**EXERCISE GOAL**
What follows is a listing; repeat exactly, and only, its lines from the one holding "Photo 6 VIN: 5NPE24AF4GH317688" through the last, leaving any pictures out.

**PROVIDED MATERIAL**
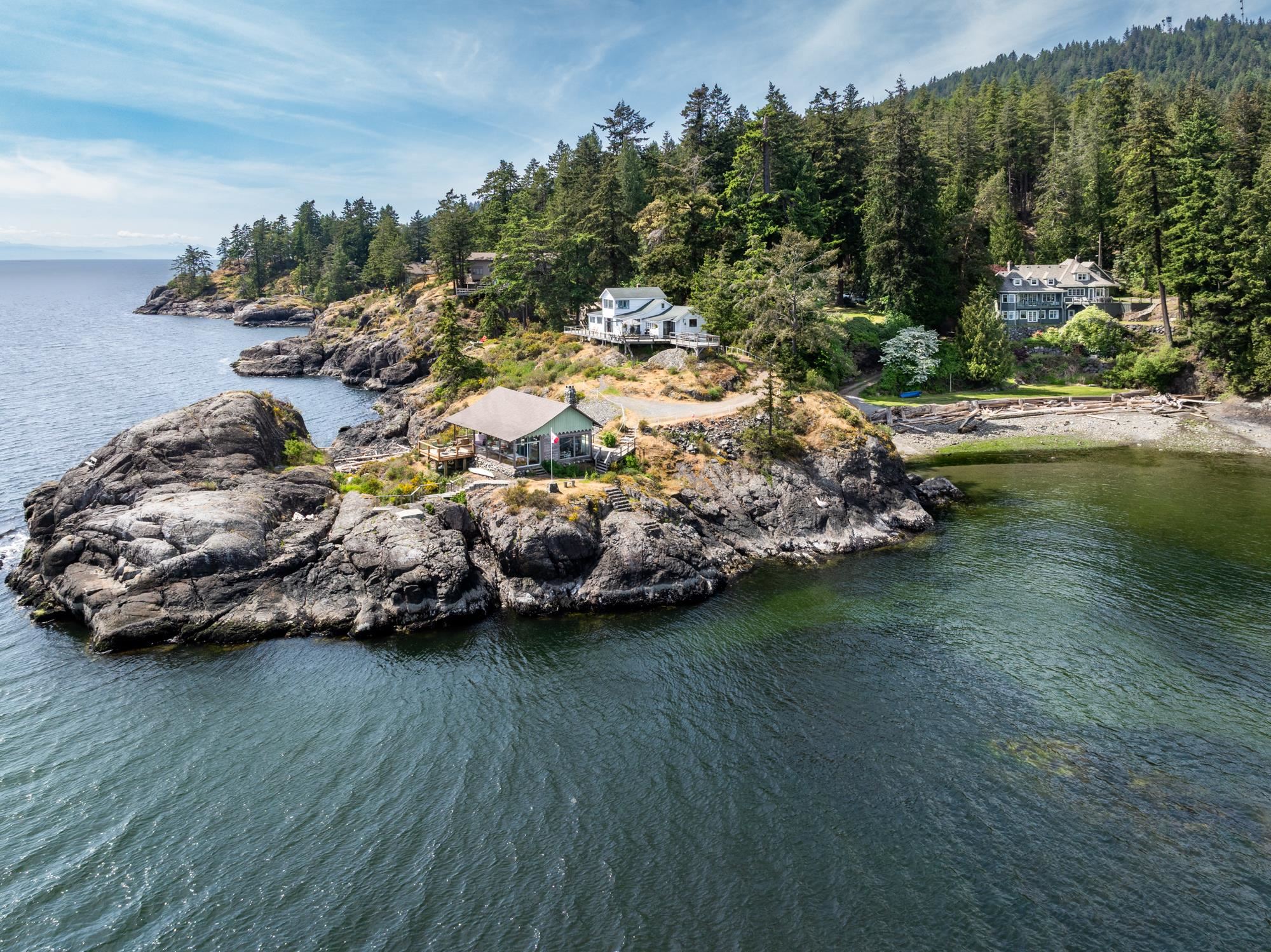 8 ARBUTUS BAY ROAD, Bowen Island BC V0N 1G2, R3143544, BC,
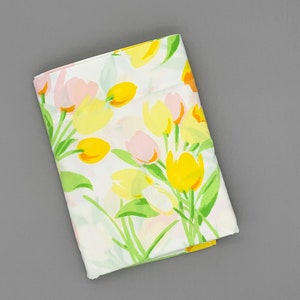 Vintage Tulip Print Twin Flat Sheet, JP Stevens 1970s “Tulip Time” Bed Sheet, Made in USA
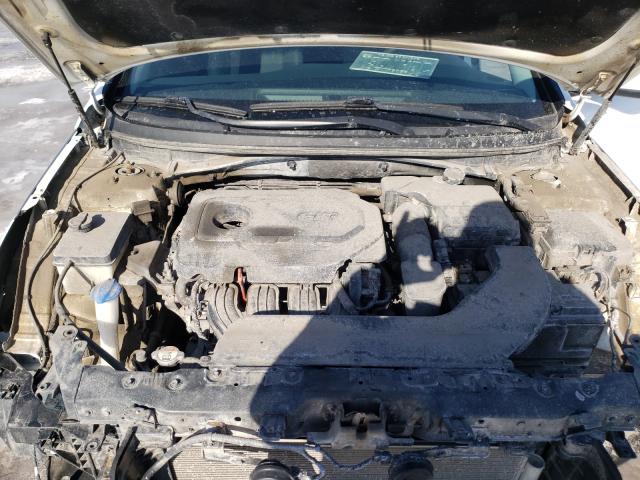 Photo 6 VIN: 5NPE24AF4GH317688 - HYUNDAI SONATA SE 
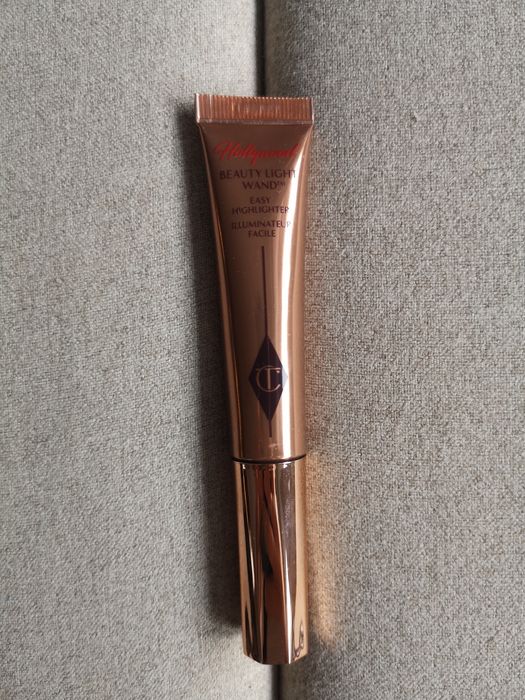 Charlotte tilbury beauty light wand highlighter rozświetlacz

**YOUR SOLUTION**
 Photo 6 VIN: 5NPE24AF4GH317688 - HYUNDAI SONATA SE 
 Charlotte tilbury beauty light wand highlighter rozświetlacz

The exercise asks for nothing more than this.